Sebagai contoh, ia menyinggung kondisi SMA Negeri 3 Unggulan Tenggarong, di mana sebagian besar bangunan sekolah tersebut berdiri di atas lahan yang belum memiliki sertifikat. Hal ini menyulitkan provinsi untuk membangun unit baru atau fasilitas penunjang pendidikan.
“Percuma kita fokuskan gratis pol apa segala macam, kalau sekolahnya tidak bisa kita bangun dengan maksimal.
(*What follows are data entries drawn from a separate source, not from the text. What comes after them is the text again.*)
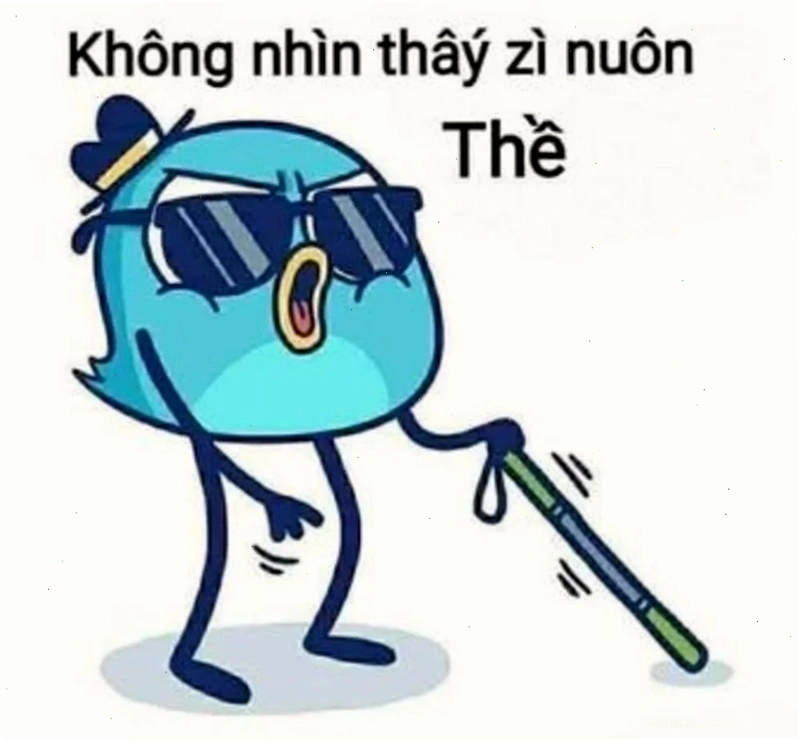 mù meme hài hước người dùng sử dụng mù meme để che đi cảnh tượng không mong muốn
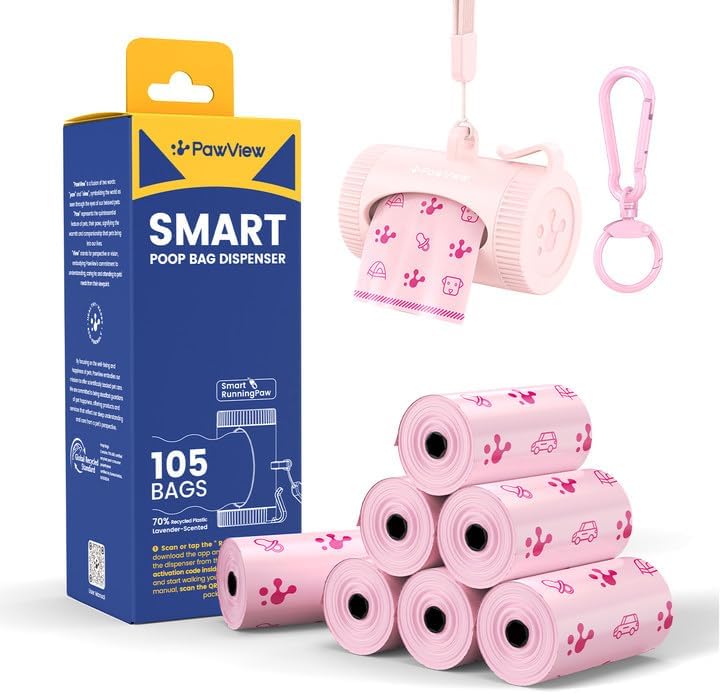 Dog Poop Bags Rolls with Retractable Poop Bag Holder, Leak Proof and Extra Thick Lavender Pet Waste Bags, 70% Recycled GRS Certified, 1 Dispenser and 105 Bags for Doggy Walking & Cat Litter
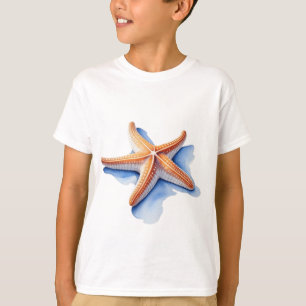 ヒトデと青いシルエット Tシャツ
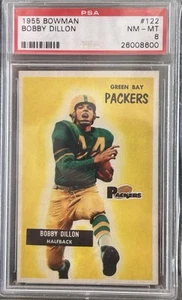 1955 BOWMAN #122 BOBBY DILLON PSA 8 - Foto 1 di 2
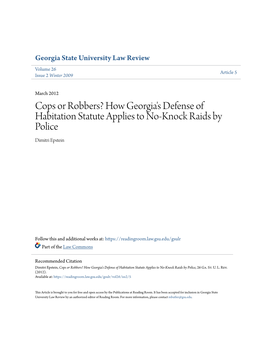 Cops Or Robbers? How Georgia's Defense of Habitation Statute Applies to No-Knock Raids by Police Dimitri Epstein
Karena berdiri di atas lahan yang kita sendiri belum pegang sertifikat lahannya,” terangnya.
Ia menegaskan bahwa meskipun urusan pendidikan berada di bawah Komisi IV DPRD, aspek tata kelola aset tetap menjadi perhatian serius Komisi I, karena menyangkut legitimasi hukum dan kelancaran pembangunan.
Komisi I berharap Pemerintah Provinsi Kaltim dapat menjadikan persoalan ini sebagai salah satu prioritas dalam penyusunan final RPJMD 2025–2029, termasuk memperkuat koordinasi dengan pemerintah kabupaten/kota untuk menyelesaikan proses legalisasi aset dan lahan.
“Nah, itu dua poin yang menjadi salah satu catatan kita di komisi I,” tegasnya.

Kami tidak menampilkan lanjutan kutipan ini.